With Albert it wasn't about technique. He knew about six phrases and played about fourteen notes. But every phrase was in-the-pocket and every note was telling; the swinging notes swang, the crying notes cried and the singing notes sang.
I remember back in 1969 seeing a concert at the old Fillmore East in New York: The Who headlined, preceded by Chuck Berry and Albert King. I'd heard Albert but never seen him. I was probably too young for Albert; all my guitar heroes were guys like Alvin Lee who played a lot of notes. Yet on that night Albert played a slow blues in a minor key, and at some point, to my utter astonishment, I felt tears on my cheek. What's happening to me? I thought; The guy plays FOURTEEN NOTES.
But every one of those notes was music. And every note was played with truth and with passion. And it is what, 34 years later, and Albert left us some ten years ago, and I don't listen to a lot of blues any more. But Albert King is the shit. Every bit as true and honest and real as he always was, and the reason I tell you this is, it's not about how many notes you play; it's not about HOW you play at all....it's about what you play.

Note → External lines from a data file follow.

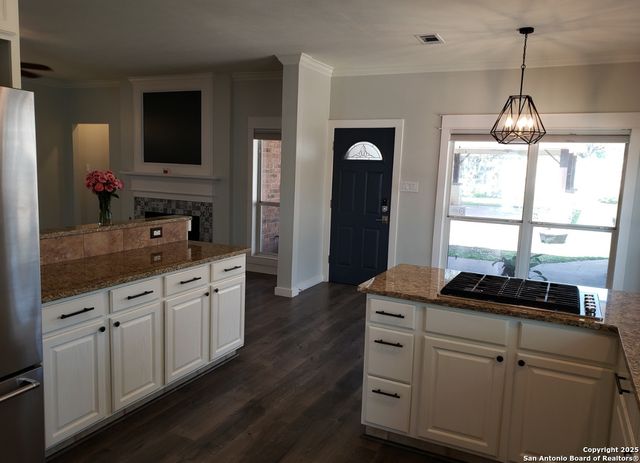 4111 Antlers Lodge Rd, San Antonio, TX 78251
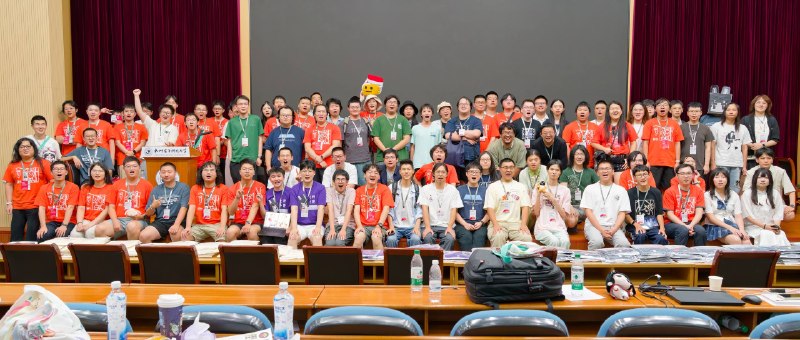 合影来喽（图一：全体合照；图二：贡献者、志愿者及讲者合照；图三：签名墙）原图见下（摄影师：James，直播组成员）合影来喽（图一：全体合照；图二：贡献者、志愿者及讲者合照；图三：签名墙）原图见下（摄影师：James，直播组成员）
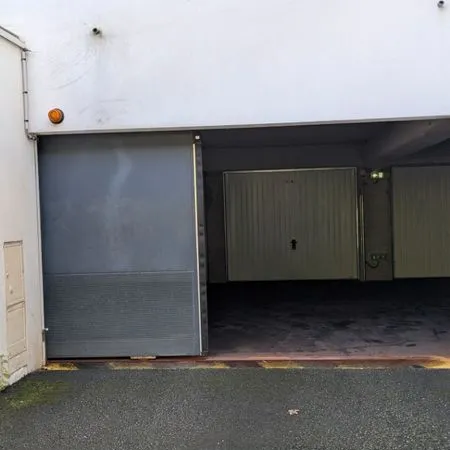 Garage parking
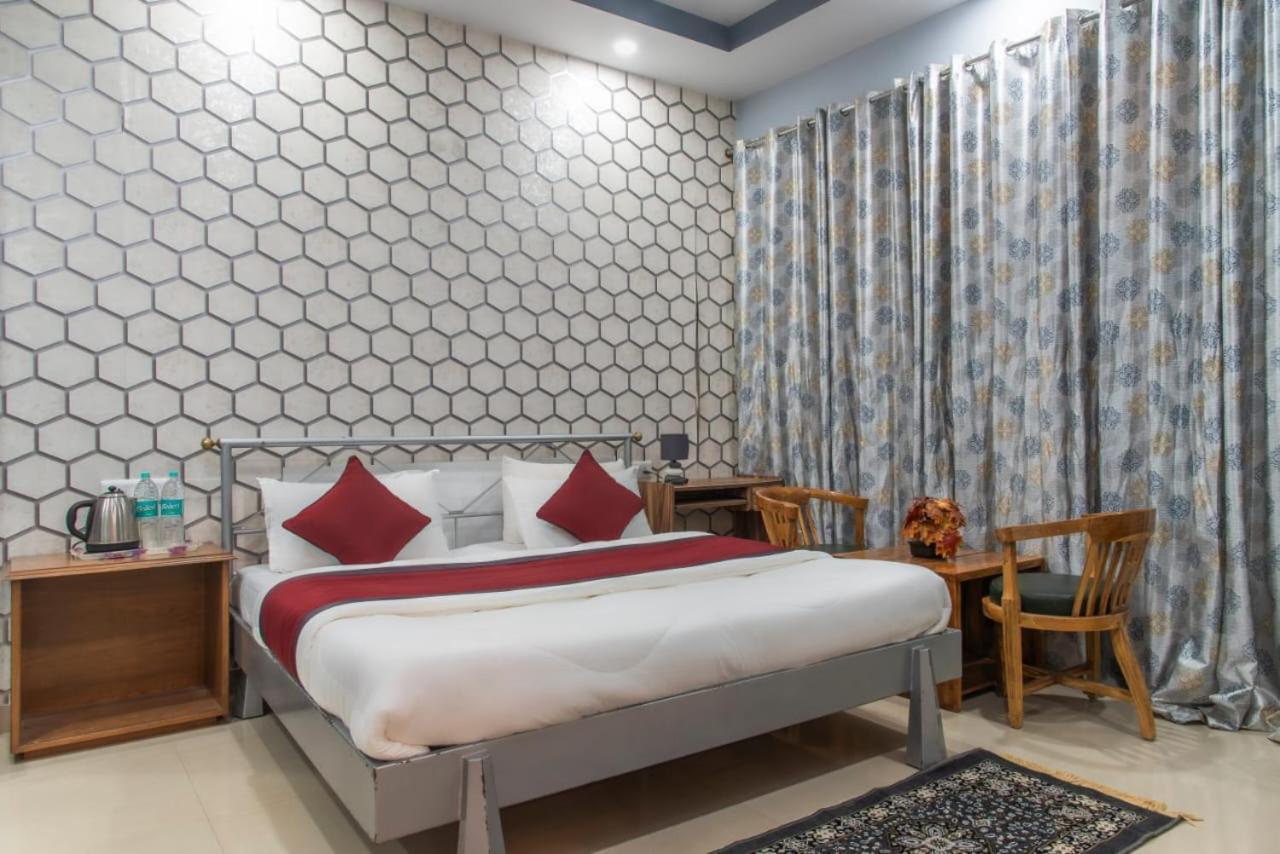 Apartmán Mountain Height Kasauli Exteriér fotografie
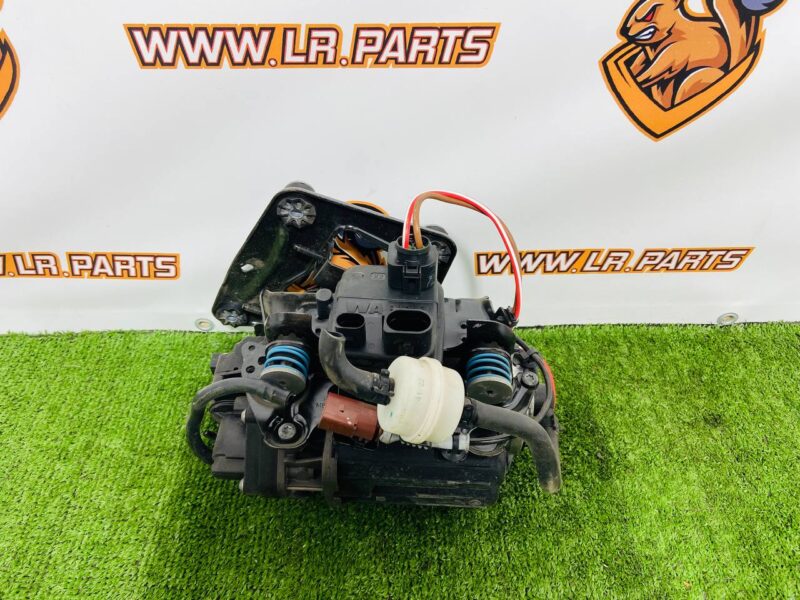 LR172657 Air suspension compressor for Range Rover Sport L461 (2023-) Used cost  € in stock 1 pcs.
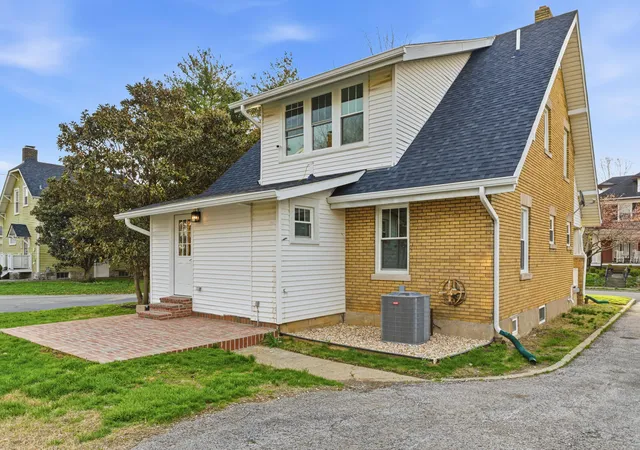 Photo 3 of Single family home for sale at 615 Bellaire Ave, Lexington, KY 40508 | MLS# 26005663 | Listing updated on 2026-07-29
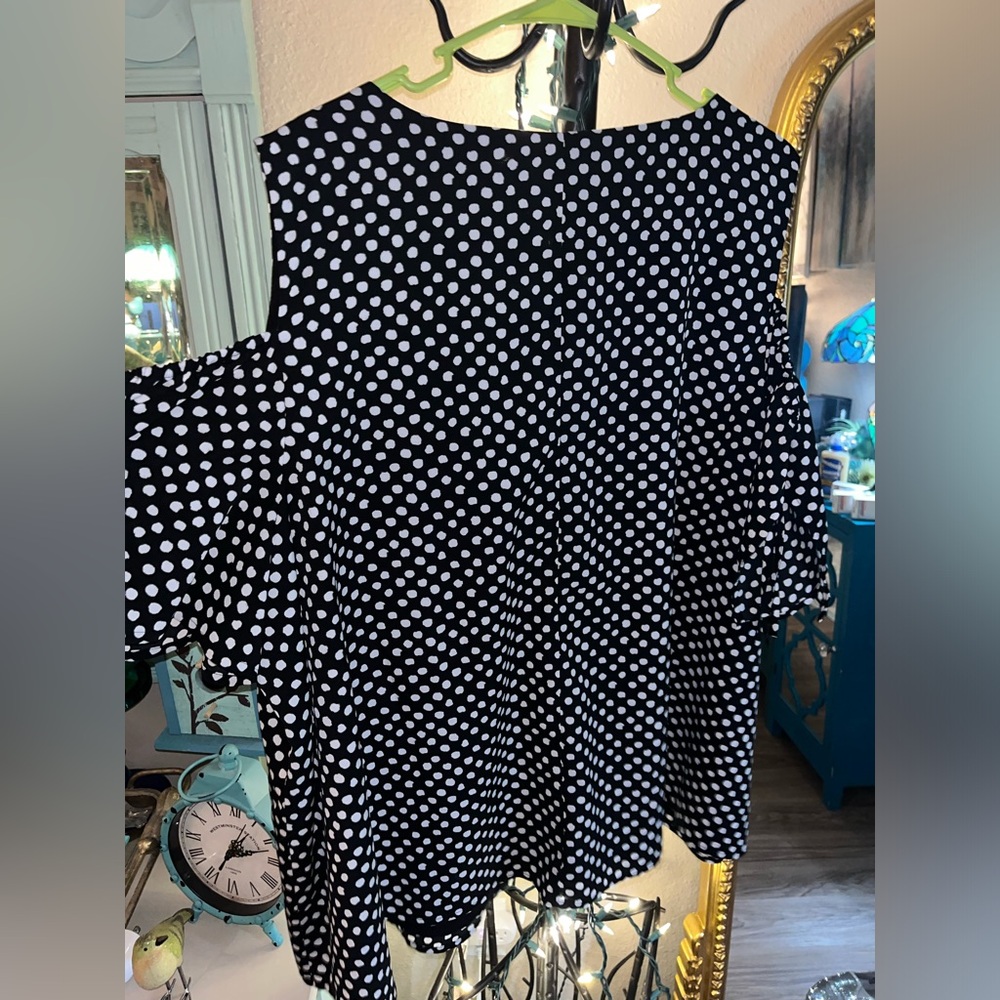 Lane Bryant Polka Dot Off-the Shoulder Top Sz 26 - Picture 8 of 11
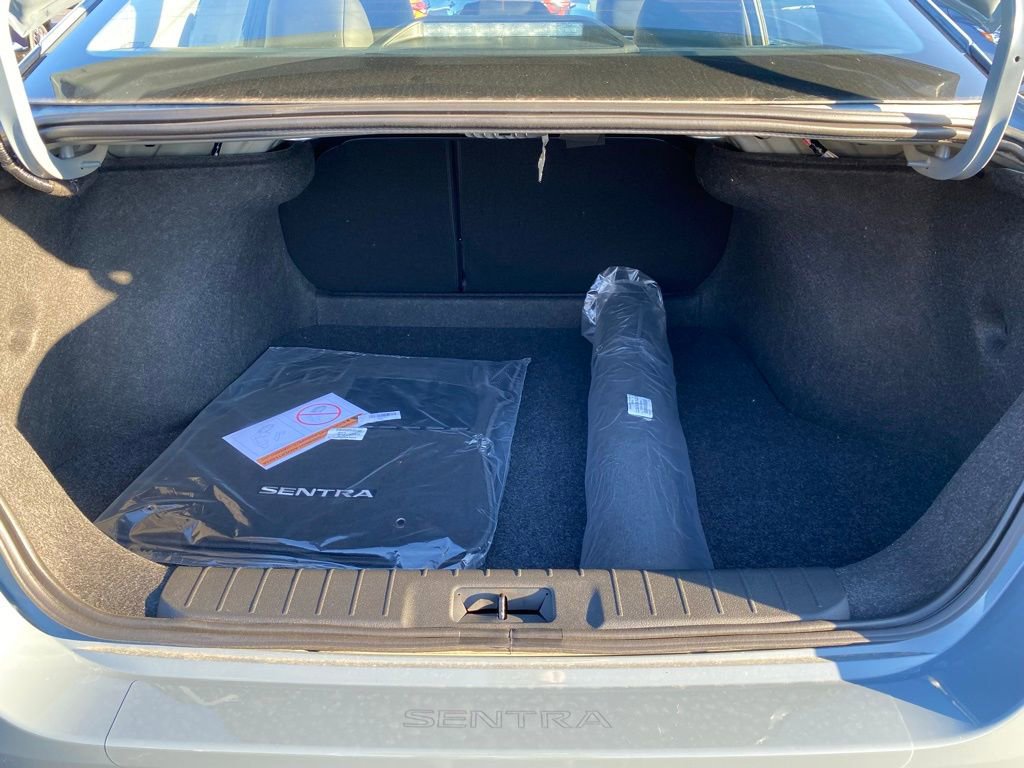 New 2025 Nissan Sentra SR w/ SR Premium Package image 34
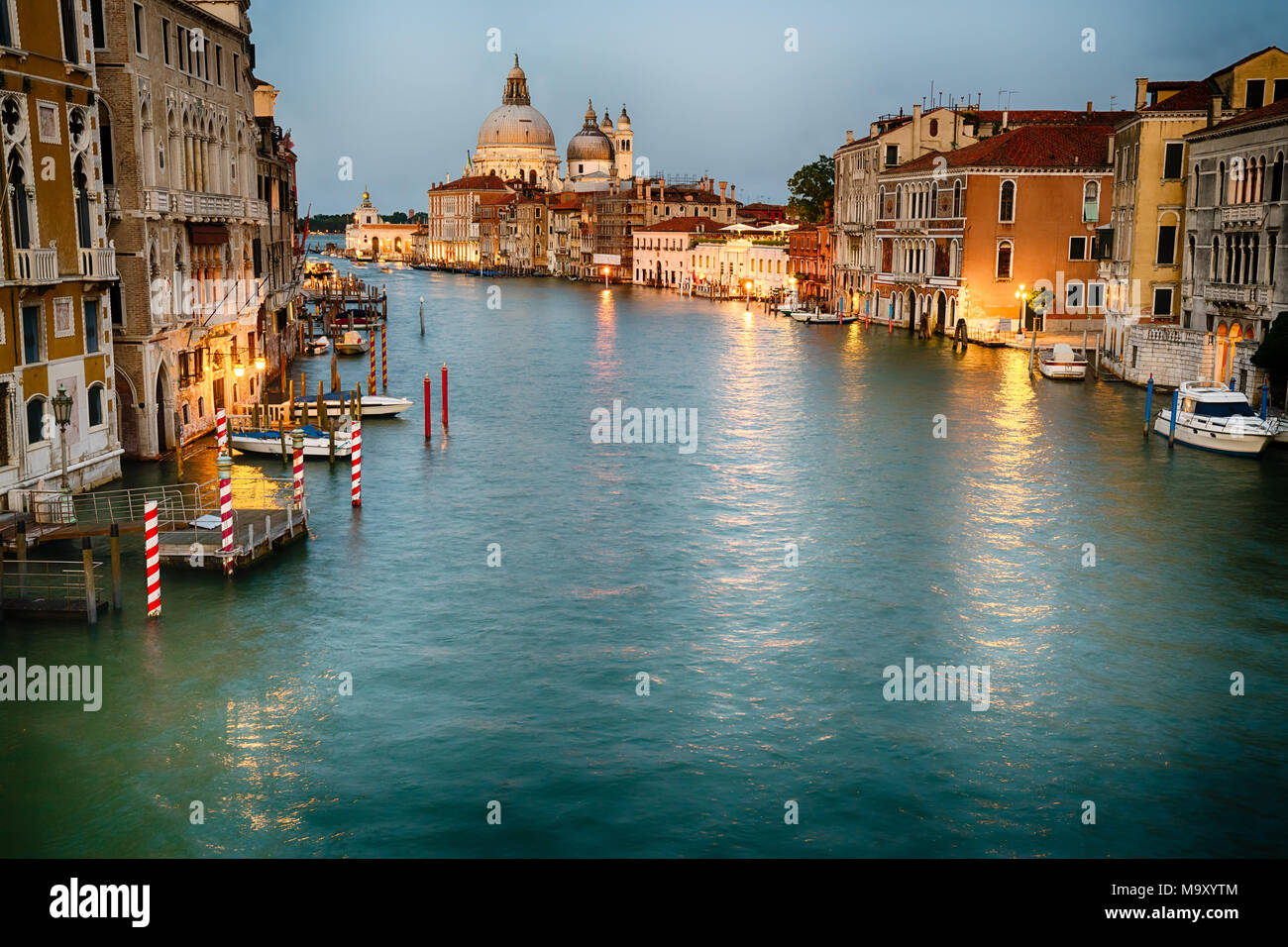 Crepuscolo lungo il Canal Grande a Venezia, Italia Foto Stock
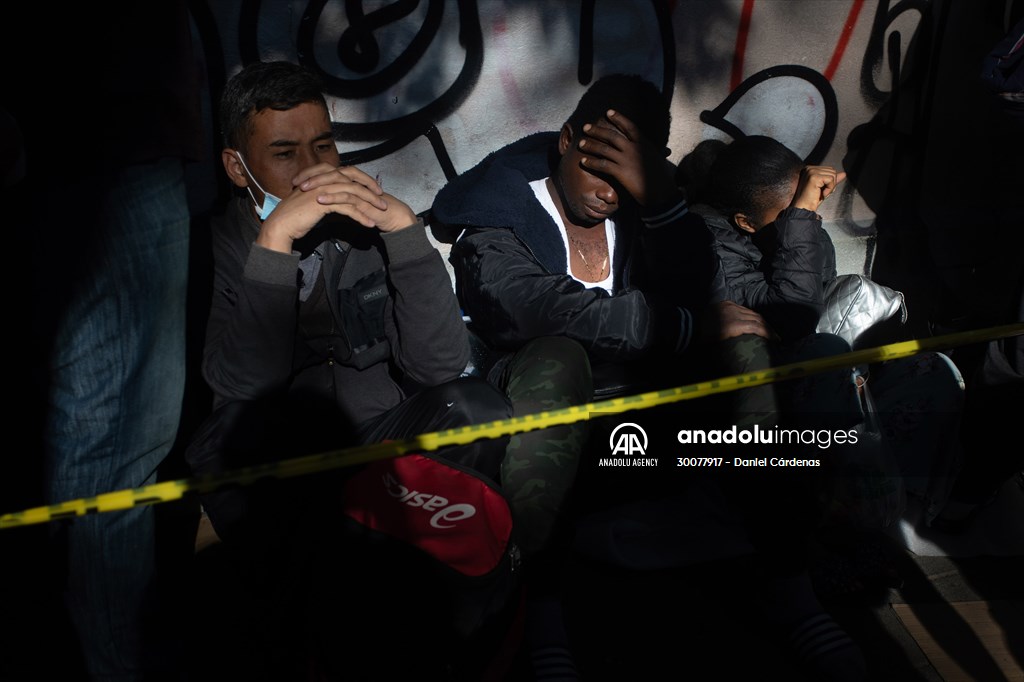 Daniel Cárdenas (@danielcardenas2) on Twitter photo Migrants wait in line outside the Mexican Commission for Refugee Assistance in Mexico City.
For <a href="/anadoluimages/">Anadolu Images</a> Migrants wait in line outside the Mexican Commission for Refugee Assistance in Mexico City.
For <a href="/anadoluimages/">Anadolu Images</a>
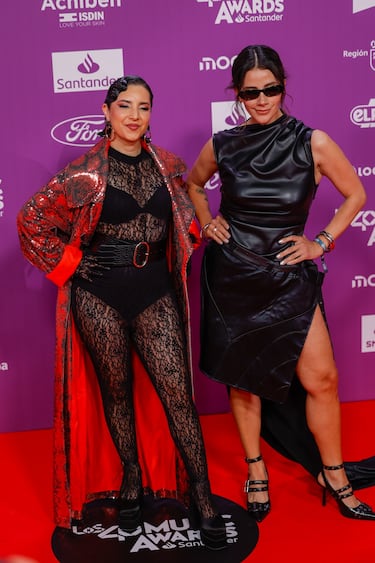 Johanna Riva Alfonso y Martina Orrego posan en la alfombra roja. 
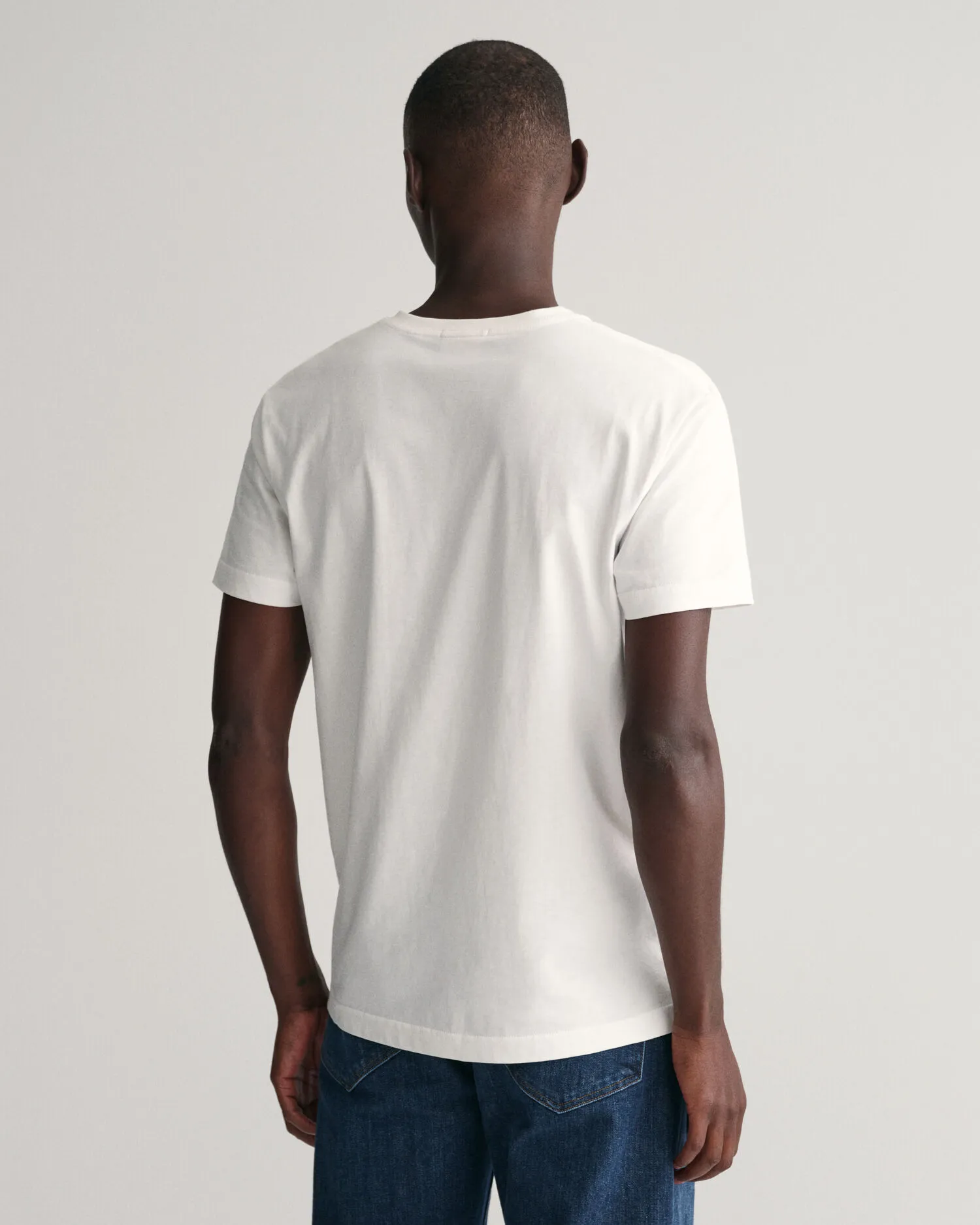 Camiseta Slim Fit Shield con cuello de pico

And if you're wondering "What does this have to do with wine?" then say your question out loud. With wine it isn't the notes, it's the music. It isn't the trees, it's the forest. It isn't the parts; it's the whole. And the very minute you learn to see wine that way, you stop fussing about how much flavor, how many nuances, how much intensity, how many "points": wine becomes either authentic or inauthentic, in every echelon of quality, so that an honest young dry Muscat is every bit as valid as the most regal Riesling, as long as both are honest. And you grow weary of show-off wines, big-fake-boobs wines, superstar-winemaker wines, because life is too short to tolerate the bogus. Once your soul tastes authenticity, it will spit out anything else. Play only the true notes, it will say. It doesn't matter whether they are Albert King's fourteen, or Trane's fourteen thousand - just make them all be music.